À quoi répond souvent cet autre écho : « Mais pas du tout : nous, les Corses, ne sommes pas comme ça. » Autrement dit, le préjugé, ce serait tout ce que les autres pensent — en mal — à notre propos, parce qu’ils ne nous connaissent pas. Sous-titre : bien évidemment, s’ils nous connaissaient vraiment, leur jugement ne manquerait pas de s’inverser.

Il ne s’agit pas ici de dénier que les Corses, comme tant d’autres — juifs, arabes, homosexuels, etc. —, se voient régulièrement stigmatisés par des préjugés dont Jean-François Bernardini montre abondamment les conséquences délétères 2 . Pour autant, cela n’interdit pas de se demander si une conception du préjugé qui réduirait celui-ci aux effets d’un simple défaut d’information constitue la manière la plus pertinente d’appréhender le phénomène… et d’avoir une quelconque prise sur sa réalité.


Préjugés sur le préjugé


« Les Espagnols sont un peuple fier et ombrageux, avec un tout petit cul pour éviter les coups de corne. » Pierre Desproges 3

« Juger » signifie, dans ce contexte, attribuer une qualité positive ou, le plus souvent, négative à un groupe humain. Mais que veut dire « pré-juger » ? Juger avant, certes. Mais avant quoi ? La conception commune du préjugé comme jugement pré-conçu suppose que ledit jugement soit formulé avant que l’on ait acquis une connaissance « réelle », ou « suffisante » de ce qui est jugé. Pour le dire simplement : on parle sans savoir… et donc à tort.

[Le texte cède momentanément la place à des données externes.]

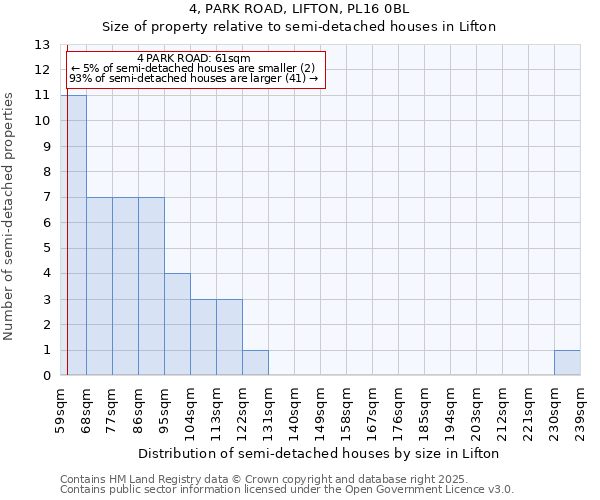 4, PARK ROAD, LIFTON, PL16 0BL: Size of property relative to detached houses in Lifton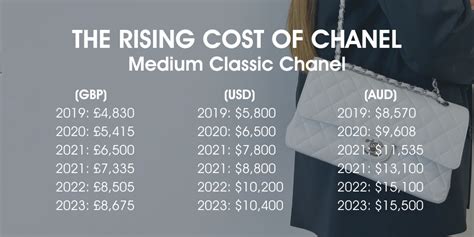 chanel price death|Breaking News: Chanel Price Increase 2023 .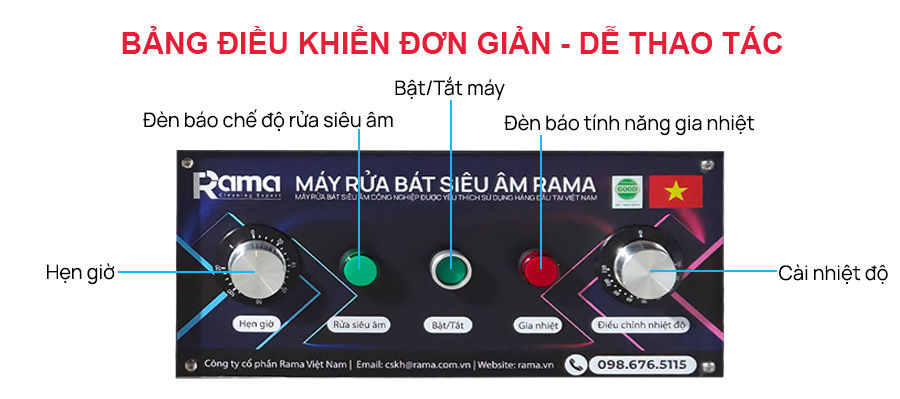 bang dieu khien rama rb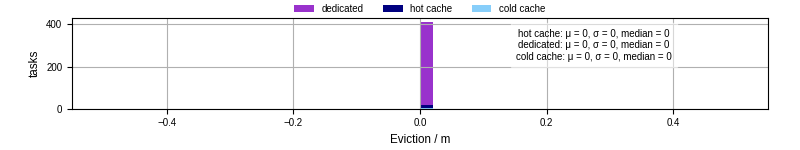Time lost to eviction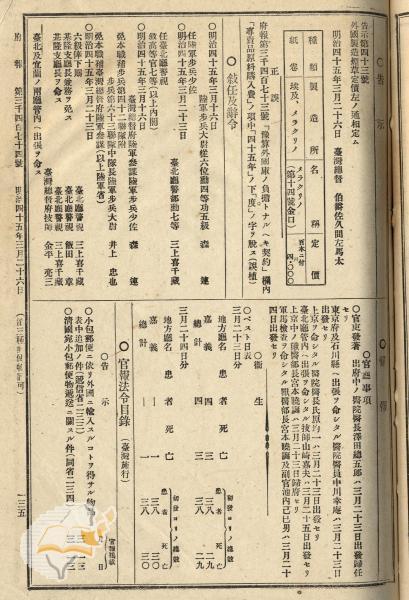 件名:三上喜千藏外三名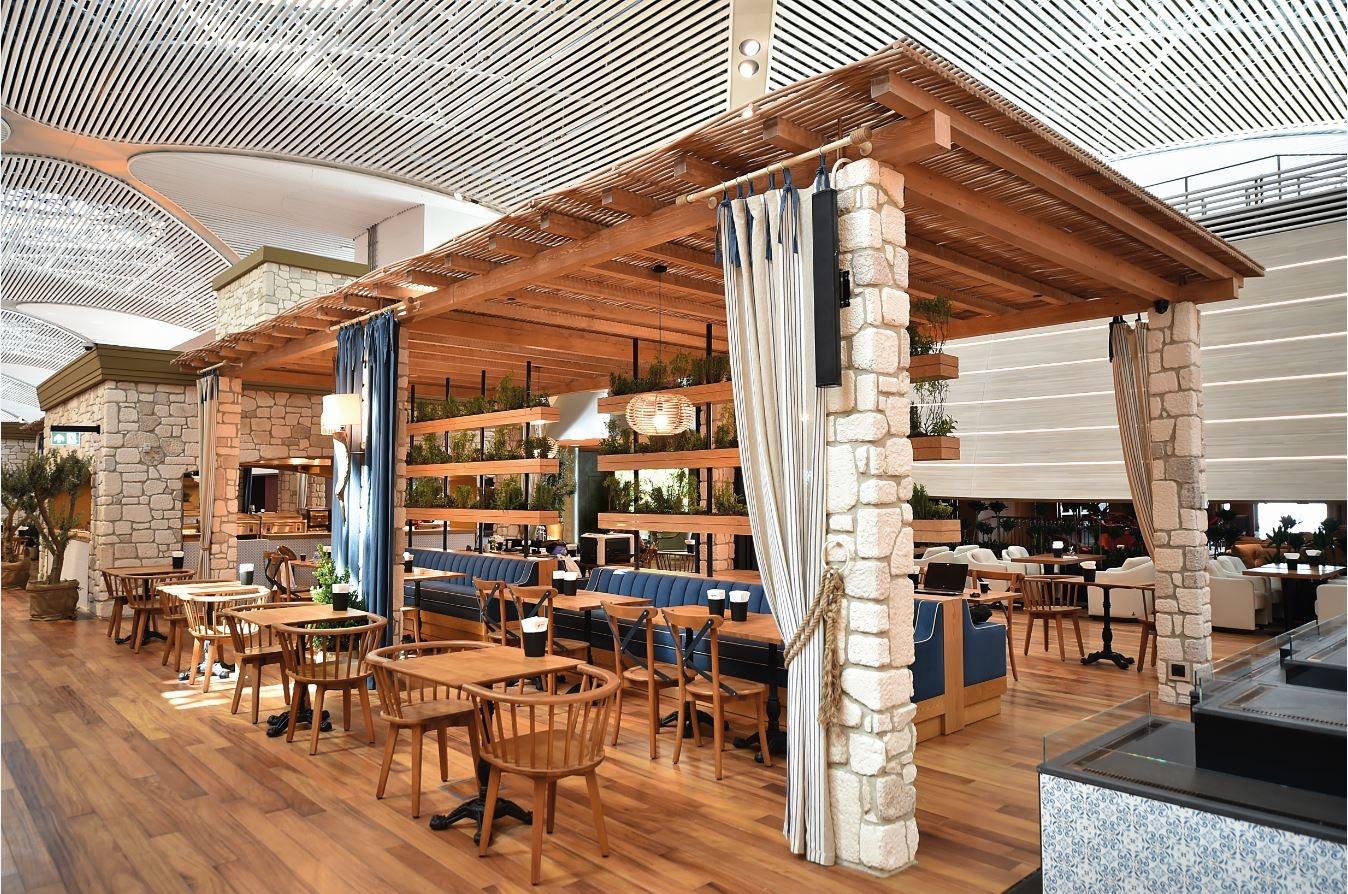 Turkish Airlines to open five new lounges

Or cette idée soulève au moins trois questions délicates. Premièrement, à partir de quelle quantité (ou qualité) d’informations peut-on estimer « connaître » une situation et donc se trouver prémuni contre le risque de la pré-juger ? Deuxièmement, si, comme l’avançait ironiquement Raymond Aron, « La formule “l’idéologie est l’idée de mon adversaire” serait une des moins mauvaises définitions de l’idéologie 4 », l’on pourrait ajouter : « le préjugé est l’idée fausse que se fait de moi mon adversaire ». Mais comment prétendre détenir à tout coup la vérité sur soi-même, davantage, en tout cas, qu’un autre, fût-il un adversaire ? Troisièmement, peuton accorder crédit à l’idée selon laquelle il suffirait de combler un manque d’information pour que le préjugé se dissolve comme par enchantement ?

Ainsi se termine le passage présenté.